Over the weekend, while the state’s online application system, CONNECT, was offline, the state was able to process more than 280,000 claims and pay nearly 200,000 more people. Not only were new applications not coming in, the state actually reduced its official count of applications it had received by identifying and discarding duplicates.
The state now has processed 664,158 claims and sent unemployment compensation checks to 392,051 Floridians.
Roughly two of every five people applying for unemployment are being turned down.
Through Monday, the state has found 60% of applicants eligible, and 40% ineligible, roughly the same ratio the state carried through Sunday.

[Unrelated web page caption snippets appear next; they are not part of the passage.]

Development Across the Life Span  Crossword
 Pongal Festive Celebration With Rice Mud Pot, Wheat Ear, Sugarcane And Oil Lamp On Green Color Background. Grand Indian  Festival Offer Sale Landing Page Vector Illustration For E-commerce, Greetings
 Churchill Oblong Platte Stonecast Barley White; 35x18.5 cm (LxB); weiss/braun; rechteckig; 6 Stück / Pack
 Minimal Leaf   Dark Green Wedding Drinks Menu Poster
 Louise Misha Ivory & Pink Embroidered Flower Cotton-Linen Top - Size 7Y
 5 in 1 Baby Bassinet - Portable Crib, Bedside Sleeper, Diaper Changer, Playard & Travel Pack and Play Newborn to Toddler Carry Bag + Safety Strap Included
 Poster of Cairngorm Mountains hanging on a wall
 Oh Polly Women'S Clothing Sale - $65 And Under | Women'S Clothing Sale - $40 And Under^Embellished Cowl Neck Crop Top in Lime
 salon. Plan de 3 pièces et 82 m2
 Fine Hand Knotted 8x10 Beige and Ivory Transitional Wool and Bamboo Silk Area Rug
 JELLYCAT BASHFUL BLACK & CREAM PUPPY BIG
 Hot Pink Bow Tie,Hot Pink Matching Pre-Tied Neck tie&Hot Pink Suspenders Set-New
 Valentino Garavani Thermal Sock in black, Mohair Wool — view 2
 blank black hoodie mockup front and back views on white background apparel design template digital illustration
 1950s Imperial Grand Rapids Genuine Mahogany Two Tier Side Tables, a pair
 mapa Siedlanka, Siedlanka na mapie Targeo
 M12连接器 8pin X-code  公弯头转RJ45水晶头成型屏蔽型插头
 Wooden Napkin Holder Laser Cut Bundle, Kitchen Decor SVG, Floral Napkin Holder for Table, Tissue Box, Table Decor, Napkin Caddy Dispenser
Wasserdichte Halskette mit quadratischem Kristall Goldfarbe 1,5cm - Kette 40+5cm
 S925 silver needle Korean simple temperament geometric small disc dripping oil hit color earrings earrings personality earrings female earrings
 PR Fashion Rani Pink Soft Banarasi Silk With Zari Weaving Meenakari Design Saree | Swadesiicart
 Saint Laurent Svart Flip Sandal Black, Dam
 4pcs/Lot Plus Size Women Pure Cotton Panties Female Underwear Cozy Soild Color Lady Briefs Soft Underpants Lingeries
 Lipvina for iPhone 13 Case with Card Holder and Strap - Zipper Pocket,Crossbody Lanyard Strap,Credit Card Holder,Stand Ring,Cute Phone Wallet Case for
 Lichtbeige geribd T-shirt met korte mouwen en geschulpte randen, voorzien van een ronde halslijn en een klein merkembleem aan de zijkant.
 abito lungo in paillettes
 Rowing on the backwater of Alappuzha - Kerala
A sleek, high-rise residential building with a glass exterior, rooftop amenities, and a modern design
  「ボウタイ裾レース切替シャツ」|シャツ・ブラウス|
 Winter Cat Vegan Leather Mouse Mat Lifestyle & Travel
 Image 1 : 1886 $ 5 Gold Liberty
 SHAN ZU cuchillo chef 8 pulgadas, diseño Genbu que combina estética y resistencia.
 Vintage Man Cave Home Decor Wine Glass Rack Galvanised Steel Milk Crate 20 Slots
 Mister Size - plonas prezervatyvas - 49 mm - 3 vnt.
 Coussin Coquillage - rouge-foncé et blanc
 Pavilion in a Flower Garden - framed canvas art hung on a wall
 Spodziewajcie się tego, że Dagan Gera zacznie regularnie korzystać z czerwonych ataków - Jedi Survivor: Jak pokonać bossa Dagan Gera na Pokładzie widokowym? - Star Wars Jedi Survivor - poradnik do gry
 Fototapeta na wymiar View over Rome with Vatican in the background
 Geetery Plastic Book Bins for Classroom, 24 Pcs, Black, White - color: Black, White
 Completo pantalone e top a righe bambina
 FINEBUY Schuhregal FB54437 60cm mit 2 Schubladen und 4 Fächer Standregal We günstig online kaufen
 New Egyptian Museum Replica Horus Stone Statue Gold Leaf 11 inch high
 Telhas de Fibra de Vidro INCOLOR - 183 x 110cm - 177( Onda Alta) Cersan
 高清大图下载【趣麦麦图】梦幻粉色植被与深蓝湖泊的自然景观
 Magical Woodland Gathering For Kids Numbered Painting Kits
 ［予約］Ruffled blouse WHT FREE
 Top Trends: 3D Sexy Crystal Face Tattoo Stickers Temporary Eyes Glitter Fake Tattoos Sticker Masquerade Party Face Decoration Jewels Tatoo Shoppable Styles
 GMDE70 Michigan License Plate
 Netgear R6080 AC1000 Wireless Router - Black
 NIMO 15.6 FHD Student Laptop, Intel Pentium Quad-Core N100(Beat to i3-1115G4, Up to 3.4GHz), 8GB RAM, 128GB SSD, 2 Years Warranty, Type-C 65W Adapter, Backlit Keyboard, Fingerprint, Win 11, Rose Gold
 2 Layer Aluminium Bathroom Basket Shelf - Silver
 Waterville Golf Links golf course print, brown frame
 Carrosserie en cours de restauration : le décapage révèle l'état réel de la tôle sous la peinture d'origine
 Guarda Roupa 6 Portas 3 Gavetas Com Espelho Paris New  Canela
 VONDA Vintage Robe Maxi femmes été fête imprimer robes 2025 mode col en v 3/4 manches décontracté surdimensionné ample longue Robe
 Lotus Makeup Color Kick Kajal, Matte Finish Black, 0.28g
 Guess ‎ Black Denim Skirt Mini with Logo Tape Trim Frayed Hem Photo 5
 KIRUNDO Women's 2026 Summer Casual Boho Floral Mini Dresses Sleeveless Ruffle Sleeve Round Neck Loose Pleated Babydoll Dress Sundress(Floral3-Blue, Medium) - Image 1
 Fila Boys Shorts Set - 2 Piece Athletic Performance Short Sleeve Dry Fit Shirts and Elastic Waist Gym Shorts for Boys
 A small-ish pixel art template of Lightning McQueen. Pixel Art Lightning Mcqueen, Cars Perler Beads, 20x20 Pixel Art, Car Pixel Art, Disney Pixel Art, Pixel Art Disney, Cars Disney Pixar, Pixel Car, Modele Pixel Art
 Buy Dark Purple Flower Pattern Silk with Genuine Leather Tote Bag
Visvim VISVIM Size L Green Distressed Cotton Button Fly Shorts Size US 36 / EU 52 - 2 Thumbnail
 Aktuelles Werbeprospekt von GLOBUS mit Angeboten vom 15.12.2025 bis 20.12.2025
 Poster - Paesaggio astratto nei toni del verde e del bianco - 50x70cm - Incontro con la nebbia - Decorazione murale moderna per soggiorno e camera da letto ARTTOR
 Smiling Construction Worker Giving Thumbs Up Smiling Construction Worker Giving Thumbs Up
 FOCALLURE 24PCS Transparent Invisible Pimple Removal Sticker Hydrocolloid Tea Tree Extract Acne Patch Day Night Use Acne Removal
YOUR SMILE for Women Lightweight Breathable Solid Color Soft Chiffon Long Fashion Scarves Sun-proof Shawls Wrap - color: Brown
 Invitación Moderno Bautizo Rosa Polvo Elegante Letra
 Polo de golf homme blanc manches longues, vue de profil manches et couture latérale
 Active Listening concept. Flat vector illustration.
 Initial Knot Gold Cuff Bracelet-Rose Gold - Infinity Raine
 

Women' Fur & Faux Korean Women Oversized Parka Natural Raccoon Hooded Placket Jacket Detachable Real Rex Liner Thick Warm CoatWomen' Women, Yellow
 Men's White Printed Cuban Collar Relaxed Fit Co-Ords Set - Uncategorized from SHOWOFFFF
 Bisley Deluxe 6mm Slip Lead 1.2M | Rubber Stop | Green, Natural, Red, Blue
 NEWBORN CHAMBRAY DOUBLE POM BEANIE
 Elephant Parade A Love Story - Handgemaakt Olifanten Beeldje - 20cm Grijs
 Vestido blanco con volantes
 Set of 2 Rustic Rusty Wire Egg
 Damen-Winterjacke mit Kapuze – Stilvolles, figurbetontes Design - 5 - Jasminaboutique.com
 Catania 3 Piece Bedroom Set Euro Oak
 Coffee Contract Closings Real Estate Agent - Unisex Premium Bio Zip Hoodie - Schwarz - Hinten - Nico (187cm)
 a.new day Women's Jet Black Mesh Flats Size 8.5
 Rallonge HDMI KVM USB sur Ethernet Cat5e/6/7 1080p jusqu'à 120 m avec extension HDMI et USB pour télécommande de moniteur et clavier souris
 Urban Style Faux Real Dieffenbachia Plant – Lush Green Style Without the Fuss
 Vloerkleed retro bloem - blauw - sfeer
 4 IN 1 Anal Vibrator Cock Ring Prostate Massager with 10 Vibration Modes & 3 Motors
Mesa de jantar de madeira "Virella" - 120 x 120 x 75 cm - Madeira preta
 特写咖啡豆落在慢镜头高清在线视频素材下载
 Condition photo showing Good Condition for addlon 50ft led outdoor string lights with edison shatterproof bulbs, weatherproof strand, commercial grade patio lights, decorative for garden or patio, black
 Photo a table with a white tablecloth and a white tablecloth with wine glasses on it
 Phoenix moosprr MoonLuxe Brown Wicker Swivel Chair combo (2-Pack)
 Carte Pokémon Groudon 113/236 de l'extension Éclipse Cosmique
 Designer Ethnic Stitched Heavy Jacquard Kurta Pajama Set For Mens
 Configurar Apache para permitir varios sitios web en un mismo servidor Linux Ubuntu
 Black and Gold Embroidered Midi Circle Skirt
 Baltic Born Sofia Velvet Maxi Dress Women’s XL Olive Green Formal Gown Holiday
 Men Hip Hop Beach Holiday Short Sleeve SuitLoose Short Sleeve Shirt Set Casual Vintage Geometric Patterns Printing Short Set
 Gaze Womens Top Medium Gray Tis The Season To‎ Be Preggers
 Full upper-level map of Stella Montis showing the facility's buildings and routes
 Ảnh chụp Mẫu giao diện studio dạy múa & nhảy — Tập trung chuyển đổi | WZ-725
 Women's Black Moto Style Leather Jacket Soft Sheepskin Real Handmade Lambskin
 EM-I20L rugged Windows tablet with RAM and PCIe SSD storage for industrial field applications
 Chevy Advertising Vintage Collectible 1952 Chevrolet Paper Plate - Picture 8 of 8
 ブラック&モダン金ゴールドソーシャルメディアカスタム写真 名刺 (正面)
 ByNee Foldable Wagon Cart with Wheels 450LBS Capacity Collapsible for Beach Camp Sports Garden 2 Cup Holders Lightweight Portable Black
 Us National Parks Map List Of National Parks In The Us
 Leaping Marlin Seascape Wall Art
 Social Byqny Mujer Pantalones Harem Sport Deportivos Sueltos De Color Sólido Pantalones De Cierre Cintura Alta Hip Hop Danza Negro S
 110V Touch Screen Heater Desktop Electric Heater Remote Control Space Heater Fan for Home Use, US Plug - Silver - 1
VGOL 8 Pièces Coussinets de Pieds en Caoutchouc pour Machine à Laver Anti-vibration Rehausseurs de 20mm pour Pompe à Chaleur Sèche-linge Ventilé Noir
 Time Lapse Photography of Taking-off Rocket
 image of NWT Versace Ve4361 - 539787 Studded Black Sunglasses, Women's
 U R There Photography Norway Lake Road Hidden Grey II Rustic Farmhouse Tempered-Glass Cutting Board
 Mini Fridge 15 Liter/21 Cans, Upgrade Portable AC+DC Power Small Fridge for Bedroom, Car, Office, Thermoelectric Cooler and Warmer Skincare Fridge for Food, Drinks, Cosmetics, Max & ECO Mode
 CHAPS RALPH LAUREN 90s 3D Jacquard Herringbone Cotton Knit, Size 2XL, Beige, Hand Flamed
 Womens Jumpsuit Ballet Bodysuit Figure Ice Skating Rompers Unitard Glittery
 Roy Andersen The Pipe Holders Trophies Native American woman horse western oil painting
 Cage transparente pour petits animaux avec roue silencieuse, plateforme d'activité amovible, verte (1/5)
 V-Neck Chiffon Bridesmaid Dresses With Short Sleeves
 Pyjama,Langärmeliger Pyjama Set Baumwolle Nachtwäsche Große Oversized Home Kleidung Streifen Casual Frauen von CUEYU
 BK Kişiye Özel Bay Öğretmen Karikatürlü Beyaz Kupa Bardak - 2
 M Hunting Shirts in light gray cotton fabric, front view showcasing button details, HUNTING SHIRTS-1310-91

When claims for state unemployment insurance — reemployment assistance — are rejected, people are advised to hold out hope for the federal CARES Act unemployment compensation program.
With the influx of new claims vastly outnumbering those newly processed, the state’s processing rate ticked down to 34% of submitted claims. The state’s payment rate remained steady at about 20%.
At the same time, Florida made no progress in confirming unique claims among those submitted, That number remained at 824,412. Florida now has processed about 81% of the confirmed unique claims, up from 79% the day before; the percentage of unique claims that have been paid rose to 48%, up from 47% the day before.
Unemployed Floridians now have received more than a half-billion dollars in compensation checks, with most of that coming through the federal CARES Act. Through Monday, federal payments have totaled $322 million, and state payments, $201 million.
The number of applications red-flagged for possible fraud dropped a couple of hundred, to 22,986.
Among the 463,309 initial claimants Florida had logged through the week of April 4, the hardest hit economic sector has been accommodation and food services, accounting for about 25% of all the unemployment compensation claims. Other hard hit sectors include administration, support, waste management and remediation, 11%; retail, 9%; health care and social assistance, 9%; arts, entertainment and recreation, 4% and professional, scientific and technical services, 3%.
2 comments
Nilita
April 28, 2020 at 2:22 pm
The site is still not working. We have spent 7 hours, just today and it keeps kicking my son out mid process. He has been unemployed since 3/12/20 and still hasn’t been able to file for unemployment due to the site doesn’t work.
tom
April 29, 2020 at 1:54 pm
First thing you should try ,is putting his name in the appropriate spot, before you hit the submit button. Second thing is to ask him if he really had a job.